> **GIVEN MATERIAL**
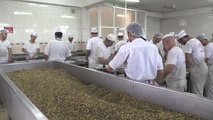 Şanlıurfalı baklavacıların 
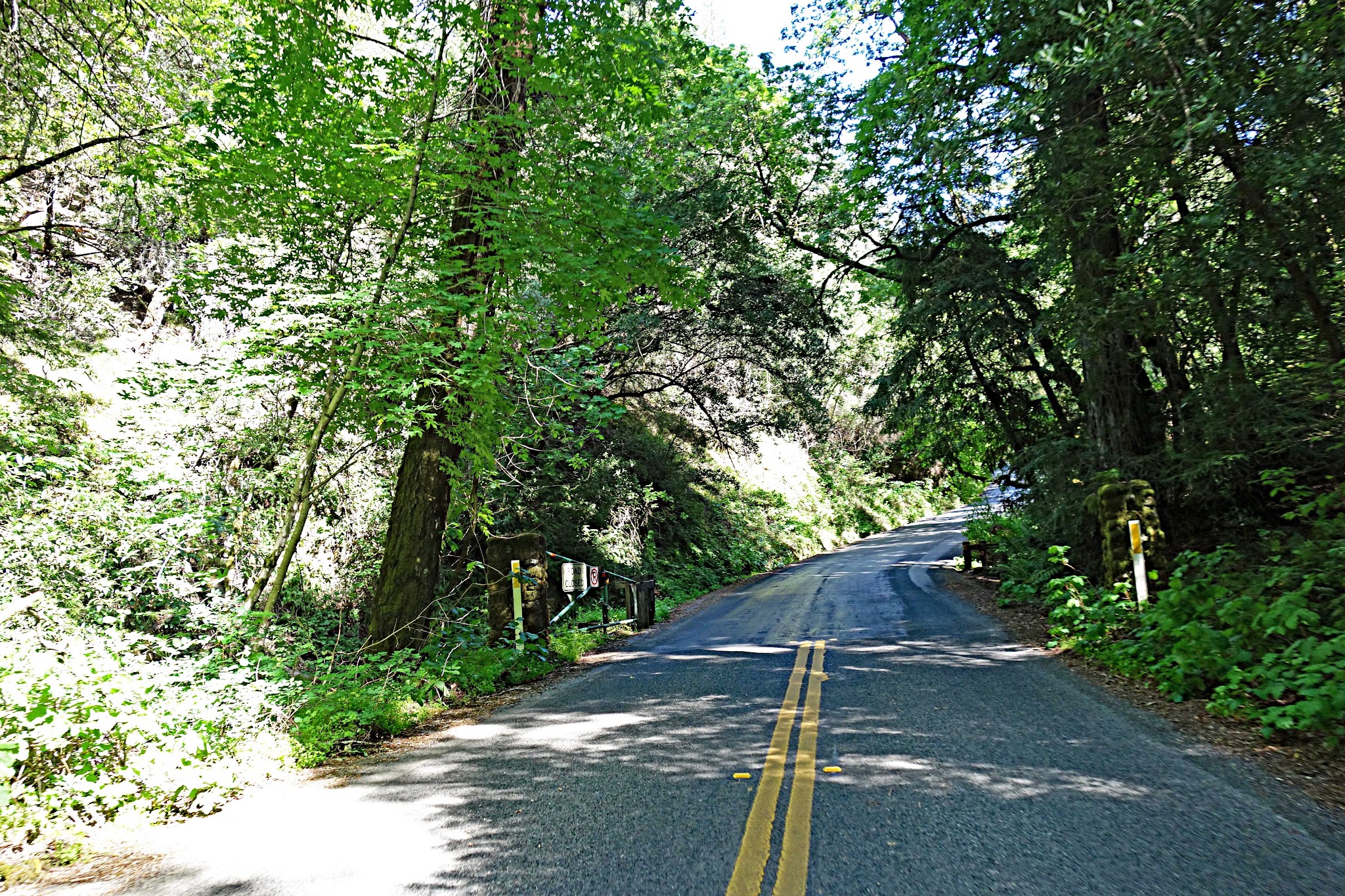 Bike climb to Bald Mountain - road and forest - start of climb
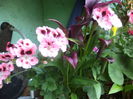 DSC04208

> **TASK DIRECTIONS**
In the answer, all of the material should appear exactly as given, with no picture carried over.

> **SOLUTION TO THE PROBLEM**
 Şanlıurfalı baklavacıların 
 Bike climb to Bald Mountain - road and forest - start of climb
 DSC04208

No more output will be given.